COVID-19 2nd wave reaches plateau, will die down in few weeks: Advisory Committee

‘Be watchful in giving lockdown relaxations to avoid backlash’

Inability to enforce discipline responsible for crisis

Mohinder Verma
JAMMU, May 27: The second wave of COVID-19 pandemic in the Union Territory of Jammu and Kashmir has reached plateau and will die down in next few weeks. However, the Government will have to be watchful while giving relaxations in the lockdown in order to avoid backlash as inability to enforce COVID appropriate discipline in late 2020 and early 2021 led to the prevailing crisis.
This has been mentioned by the Advisory Committee in its latest report submitted to the Chief Secretary and Financial Commissioner Health and Medical Education today, the copy of which is available with EXCELSIOR.
“All pandemics are apt to follow a wave pattern over the defined period and generally show waves of varying degree, intensity and severity. The ensuing waves are more severe and more lethal than the previous wave”, said the Advisory Committee, adding “barring few metropolitan cities, the COVID-19 epidemic in India and the Union Territory of Jammu & Kashmir followed uniform epidemiological pattern though we lagged the national curve by few weeks”.
The COVID first wave was slow, gradual and had the classical characteristic of involving the elderly and people with co-morbid diseases while as second wave was abrupt, steep and showed a distinct pattern of involving young and middle-aged with no co-morbidities with more severe disease, altered disease pattern and higher case fatality.
“There are indications that the second wave has reached a plateau and will die down in few weeks.
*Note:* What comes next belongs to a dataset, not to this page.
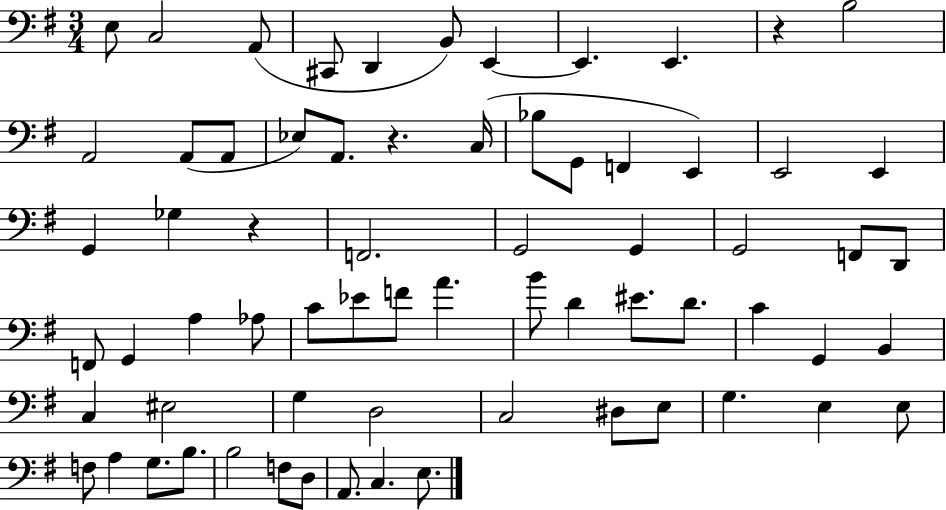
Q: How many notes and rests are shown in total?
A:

The deaths will start declining one, two or more weeks after the decline of the epidemic”, the Advisory Committee said, adding “the lockdown for the last several weeks had a distinct effect on taming the epidemic faster than it would and needs to have a gradual guarded watchful relaxations to avoid a backlash”.
It is pertinent to mention here that present lockdown will come to an end on May 31 in all the 20 districts of the Union Territory of Jammu and Kashmir.
As per the Advisory Committee, apart from droplet spread of disease, the second wave showed a spread of disease through aerosol phenomenon in a poorly aerated closed environment and super spreader phenomenon within homes. “So, COVID appropriate policy and advice need to be redrafted with these transmission routes in mind”, the Panel has suggested.
Stating that there are definite clues that the second wave occurred due to the introduction of 2 variants into the community from North India (UK variant) and other parts of India (Indian variant), the Advisory Committee said, “this happened because we called COVID appropriate discipline for a toss in late 2020 and early 2021 and our inability to enforce travel advisory protocol”.
The first wave was exclusively caused by the wild strain of the virus and there were no variants in the community in 2020. “As of today, around or over 60% of infections are caused by variant strains of the virus both in Kashmir and Jammu provinces and have nearly replaced the wild strains”, the committee said.
Pointing towards the indications that the Indian variant may be more prevalent in Jammu than in Kashmir province, the committee further said, “temporally both variants were introduced in the community by January-February 2021 and took over the wild strain of the virus fast (within a matter of weeks) and nearly displaced it by April-May 2021”.
According to the report, COVID second wave showed a higher caseload in Kashmir province and a higher case fatality rate in Jammu. “This could be due to the different proportion of the 2 variants in the two provinces. Kashmir province had a higher proportion of UK variants while Jammu province had a major contribution from the Indian variant. Longer distances, Jammu terrain and poor robustness of healthcare in Jammu could be other factors for higher mortality”, the committee said.
“As of today around two-third population in the Union Territory (both urban and suburban) is susceptible to infection. However, the susceptibility of special groups like children and pregnant women is not known as of now”, the committee further said.
The committee is comprised of Prof Mohammad Sultan Khuroo (Chairman), Dr Shakti Gupta (Co-Chairman), Prof A G Ahanger, Prof Samia Rashid, Dr Yashpal Sharma, Yasin M Choudhary, Dr Mohammad Salim Khan, Dr Muzaffar Jan, Dr Rahul Gupta, Dr Khalid (all members) and Dr Nighat Firdous (Special Invitee).